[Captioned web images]
------------------------------

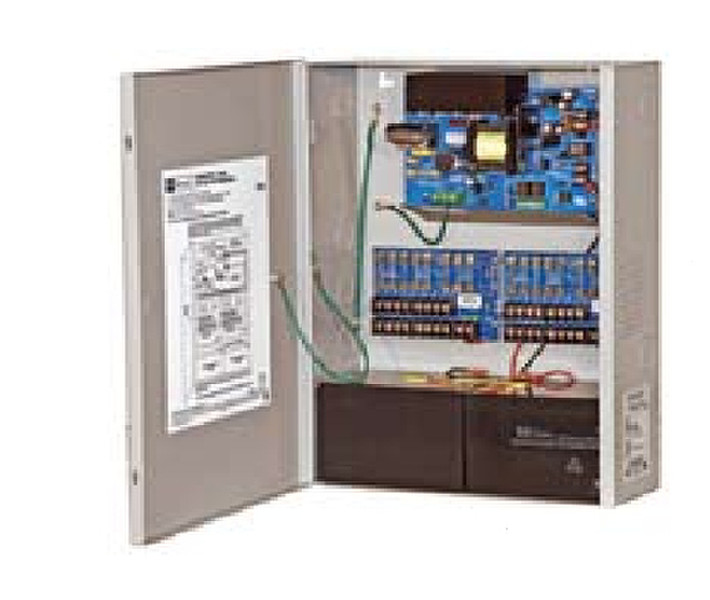 Altronix AL600ULXPD16CB Серый адаптер питания / инвертор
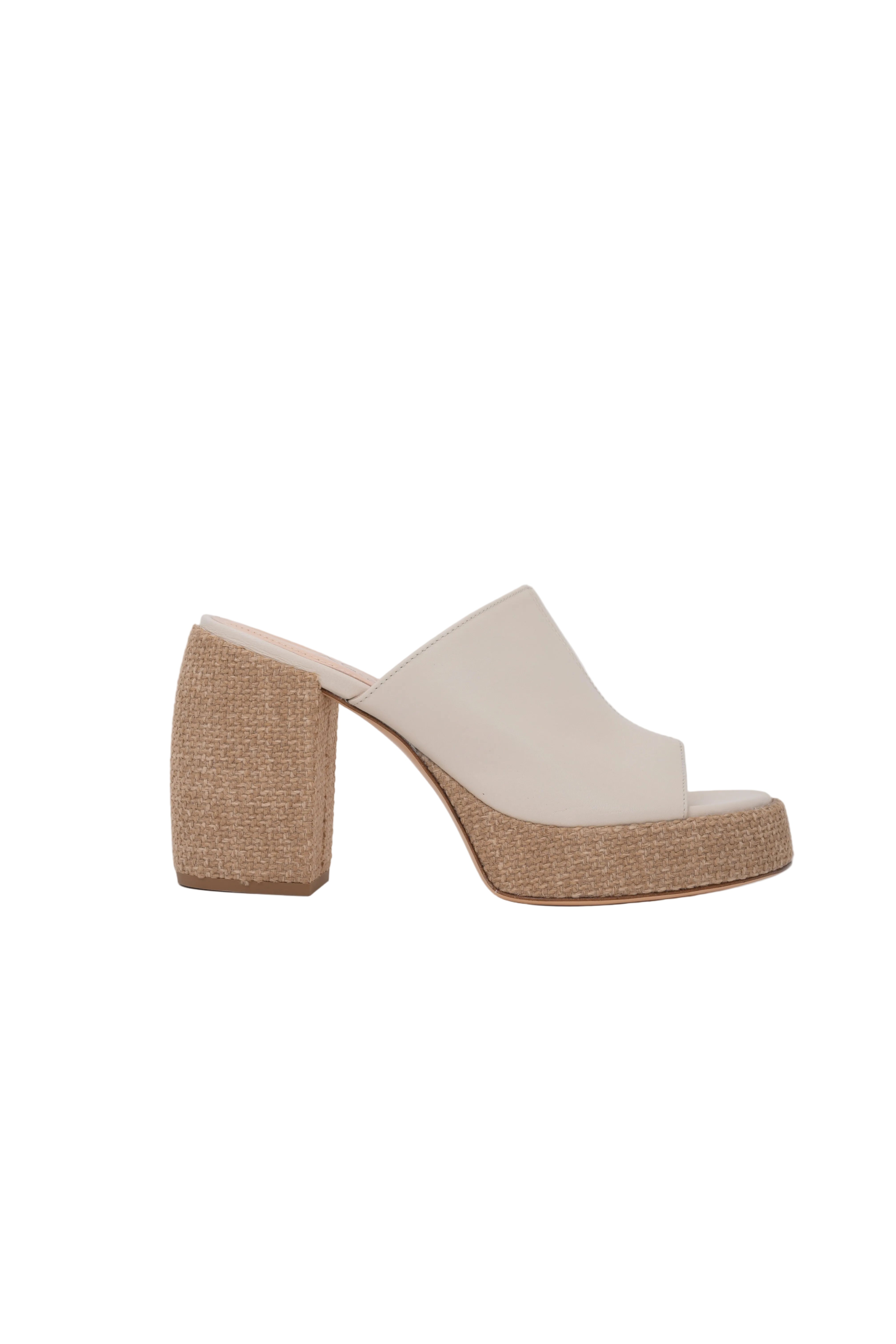 AGL - Clio High Sandal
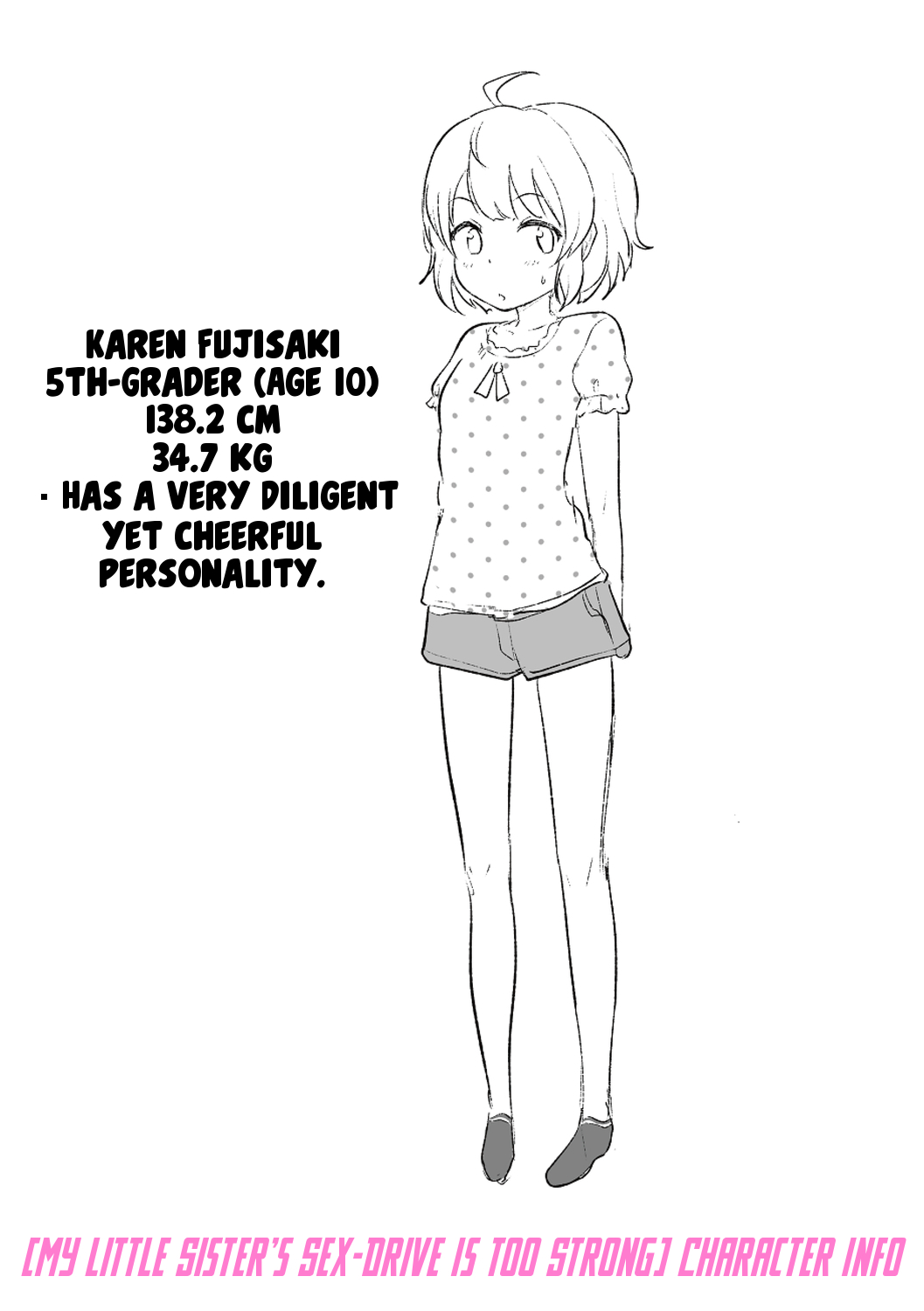 Imouto no Hadaka o Mite Koufun Suru nante Hen na Onii-chan - Page 189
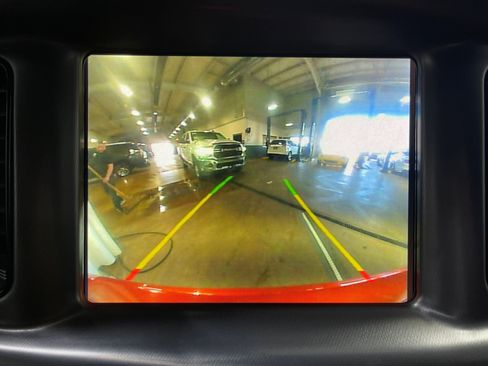 Used 2020 Dodge Charger GT w/ Driver Convenience Group image 10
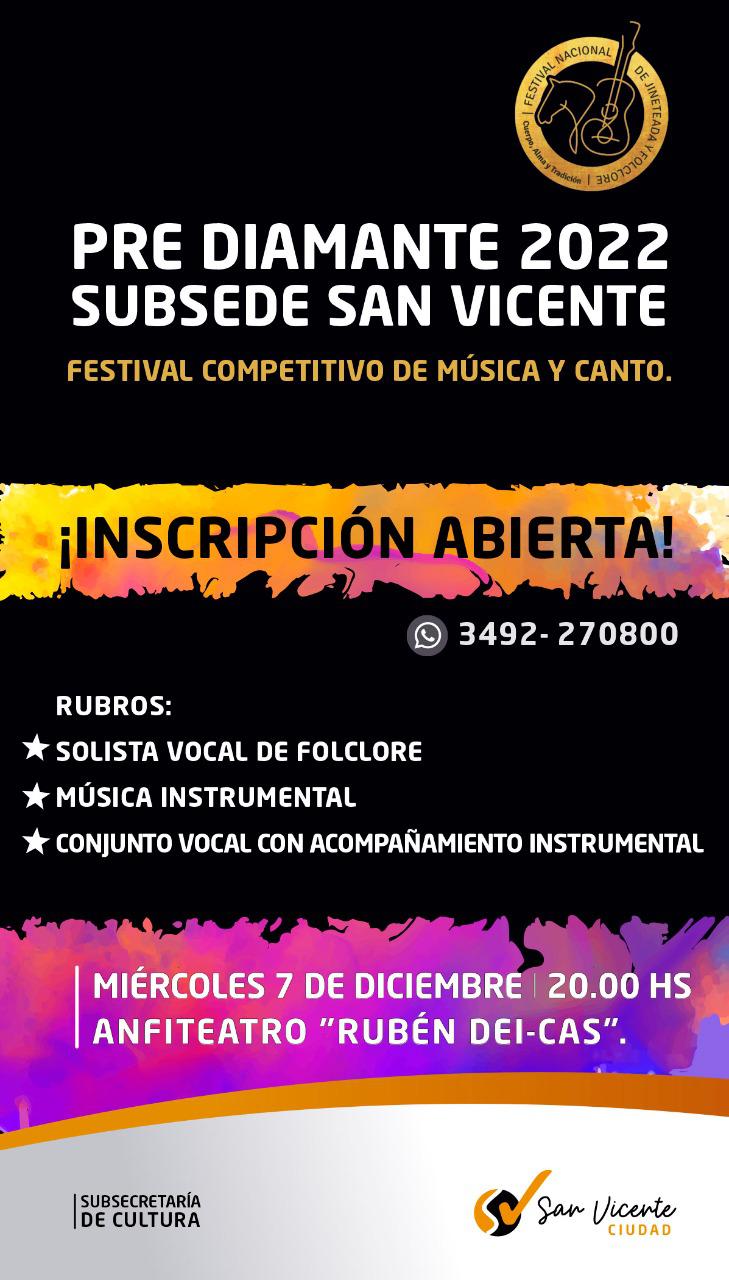 prediamante7dediciembre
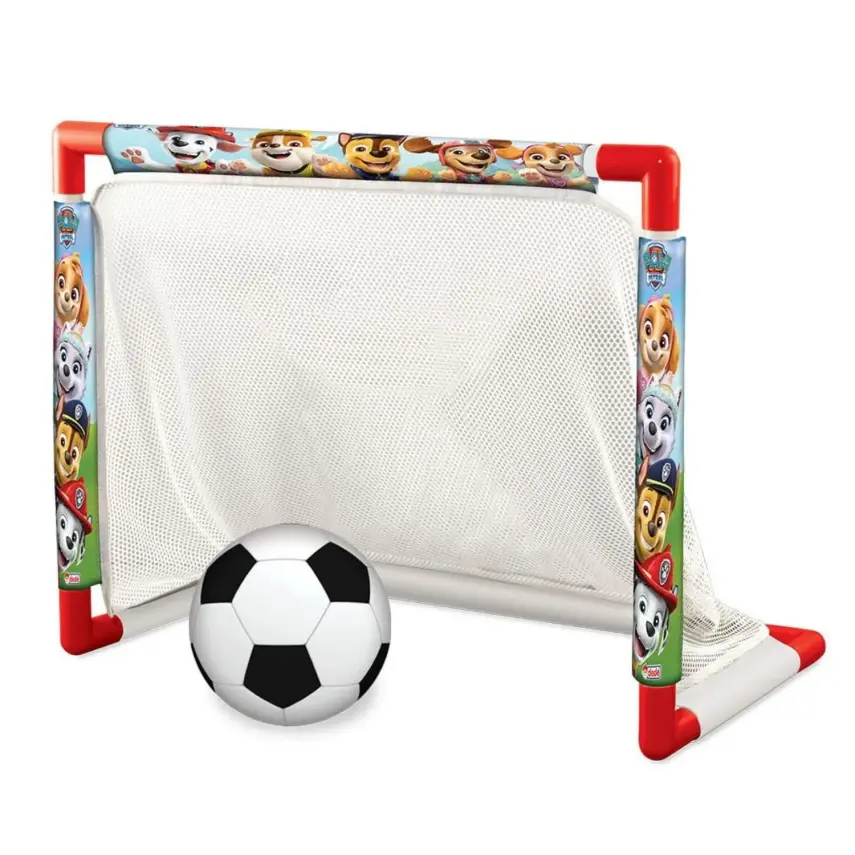 Dede Paw Patrol Futbol Set - 1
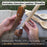 2-Piece Spoon Carving Knife Set for Beginners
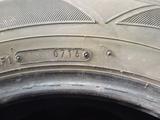 Летняя резина японская в отличном состоянии. за 90 000 тг. в Алматы – фото 4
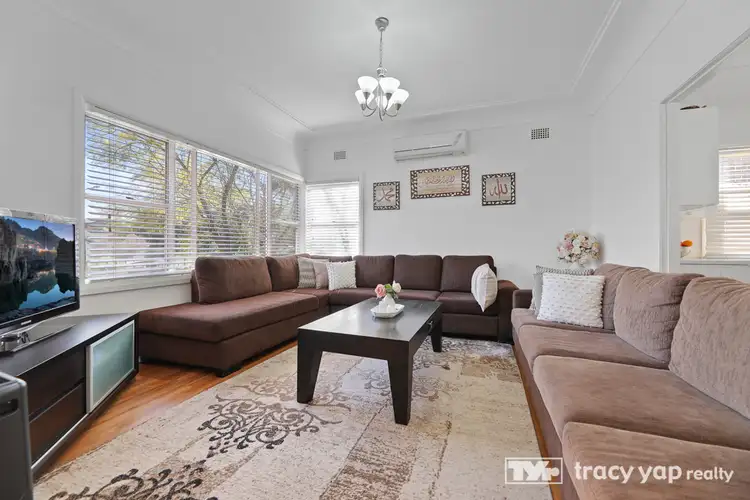 Second view of Homely house listing, 16 Grove Street, Eastwood NSW 2122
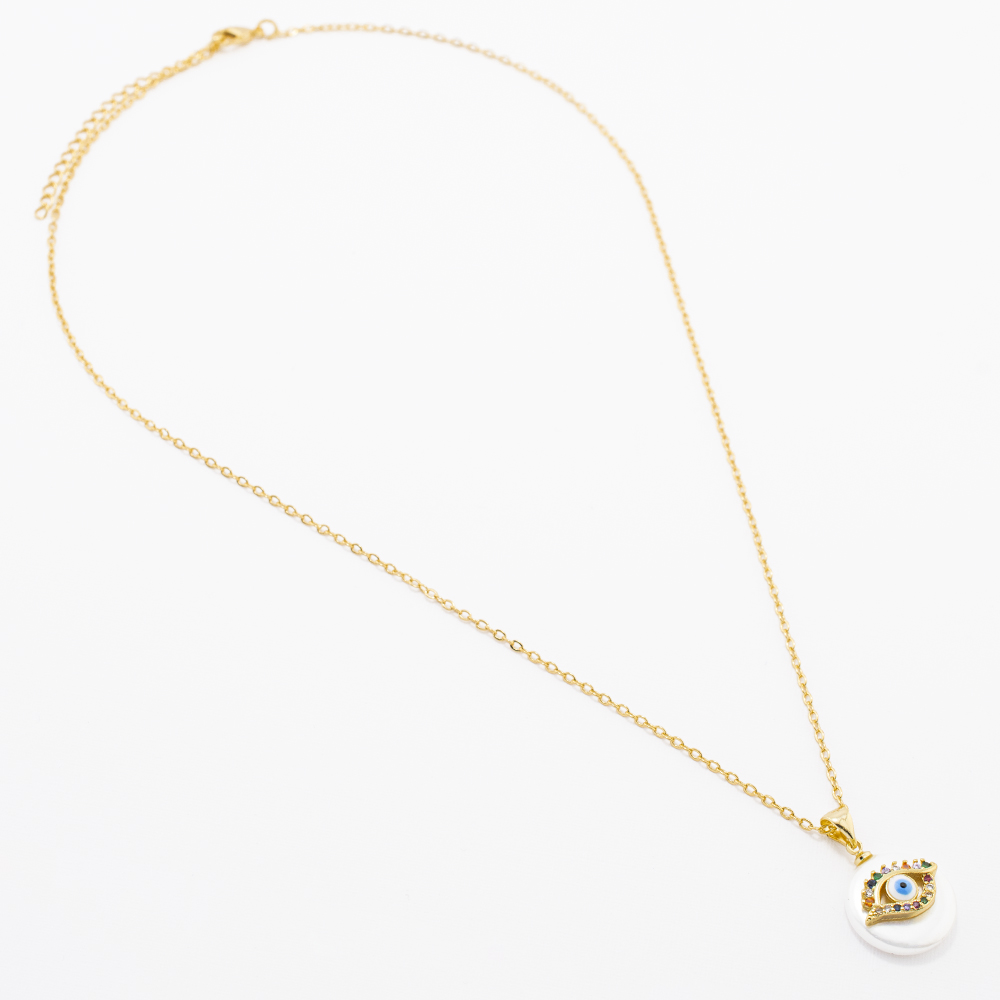 DIJE CHAPA PEARLTIME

------------------------------

Your goal:
For this exercise, repeat word for word only the lines from the one containing "Used 2020 Dodge" through the end of the data, including both. Pictures do not go in the copy.

Output of the task:
 Used 2020 Dodge Charger GT w/ Driver Convenience Group image 10
 prediamante7dediciembre
 Dede Paw Patrol Futbol Set - 1
 2-Piece Spoon Carving Knife Set for Beginners
 Летняя резина японская в отличном состоянии. за 90 000 тг. в Алматы – фото 4
 Second view of Homely house listing, 16 Grove Street, Eastwood NSW 2122
 DIJE CHAPA PEARLTIME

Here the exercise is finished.